The Ministry of Finance presented the fiscal budget proposal to the Parliament on 6 December 2016, regarding to the fiscal policy and plan over a perspective of five years, which were approved in August and supports to a new unrefined budget law. The proposals presume an overall surplus of ISK 28.4 bn. This is practically unaffected Treasury performance from the 2017–2021 fiscal plan presented last spring, or 1% of GDP.
The proposal is based on the 2017-2021 fiscal years, if approved by Parliament in August, but also takes account of the following:
- Treasury operates without shortage for fourth following year
- Treasury debt ratio on the decline
- Social security allocations has been improved
- improved the funding for healthcare
- The financial impact develop from new or amended legislation passed by Parliament;
- Other projected expenditure changes that the Treasury is obliged to finance, other things being equal.

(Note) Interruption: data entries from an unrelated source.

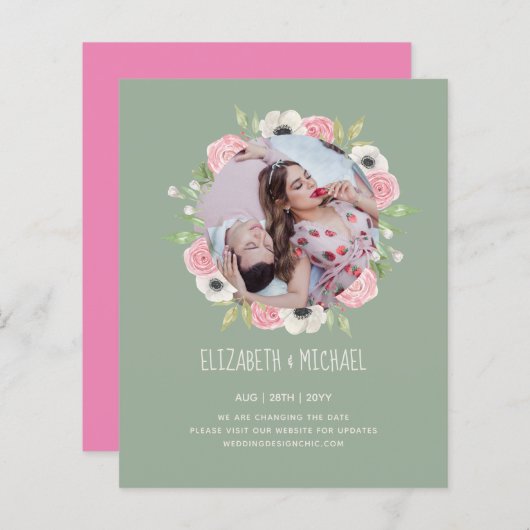 自然ラバ結婚ーズForal Greenery素朴 Boho (正面/裏面)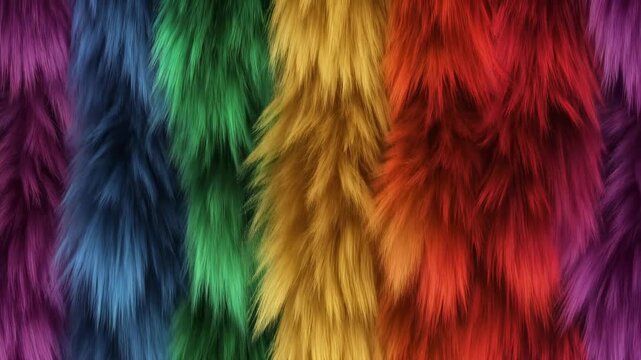 Fur Strands Changing Color from Root to Tip for Creative Gradient Abstract Themes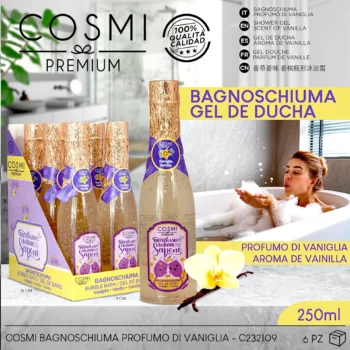 Lot de 6 (soit 2,22€ pièce) : Gel Mousse de Bain Champagne Parfum VANILLE - Cosmi Premium – Image 3
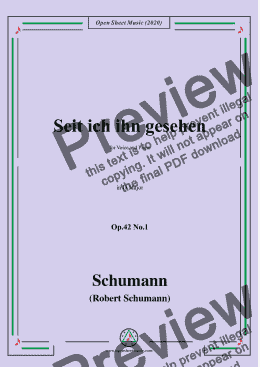 page one of Schumann-Seit ich ihn gesehen,Op.42 No.1,in D Major,for Voice and Piano  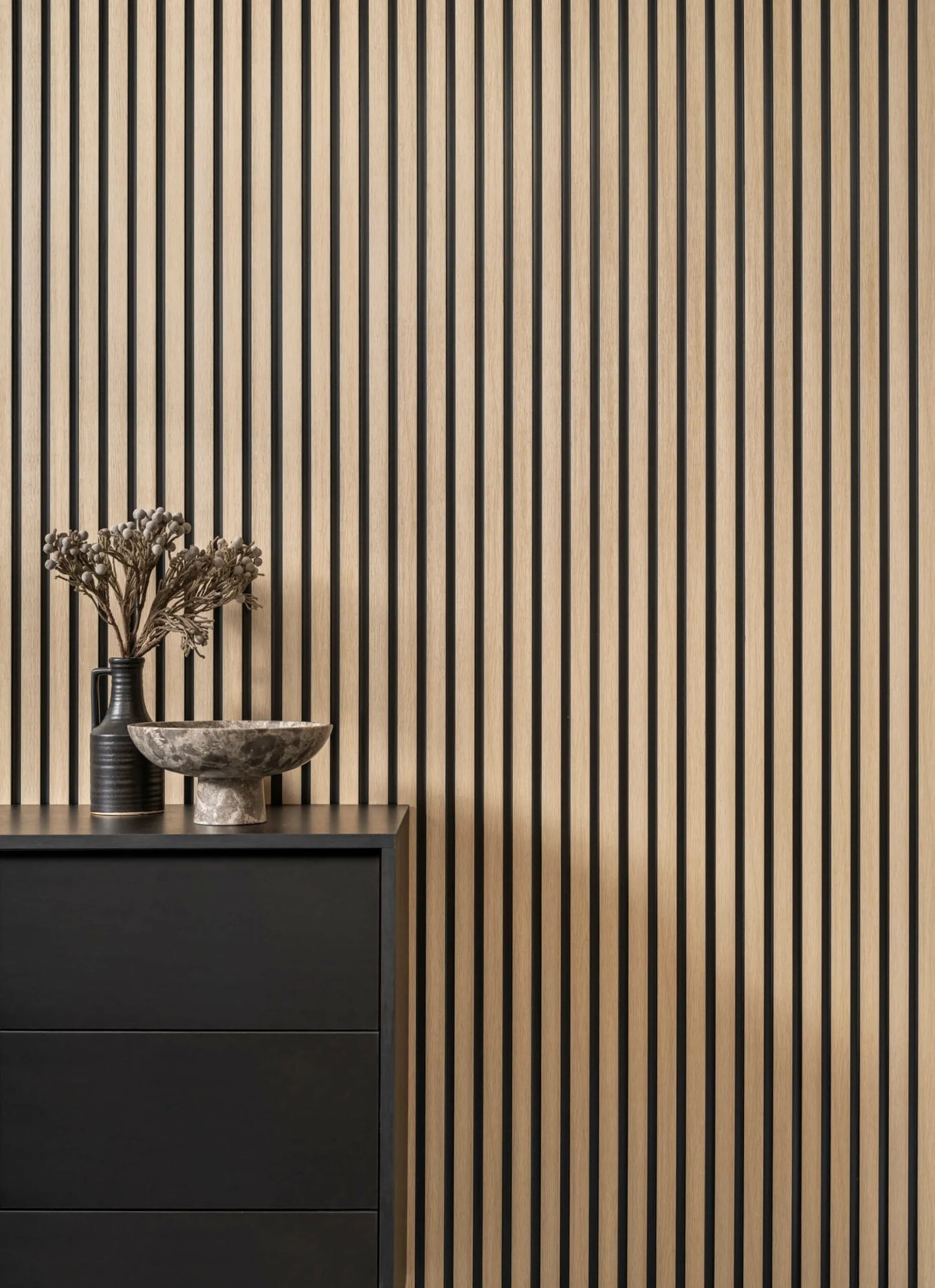 Waterproof Light Oak Slat Wall Panels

Importance on healthcare and education and law enforcement
Most important expenditures regarding to the 2017 fiscal budget proposal are: Total ostensible contributions to law enforcement increase from ISK 11.8 bn in 2015 to ISK 13.7 bn in 2017;adjustments to the Social Security Act, merging old-age pensioners’ remuneration categories into a single basic pension, and others is ISK 11.1 bn; and contributions to healthcare, hospital and healthcare centre operations, nearly ISK 4 bn, plus ISK 1.5 bn in connection with a new framework conformity for nursing home operations is ISK 7.3 bn; raised employer contributions to the A- division of the Pension Fund for State Employees (LSR), from 11.5% to 15.1%, as of the beginning of 2017 — ISK 4.5 bn. Additionally, it is implicit that the capacity for spending will increase in 2018-2021, by about ISK 7 bn per year. The total scope for the period 2017-2021 is ISK 42 bn.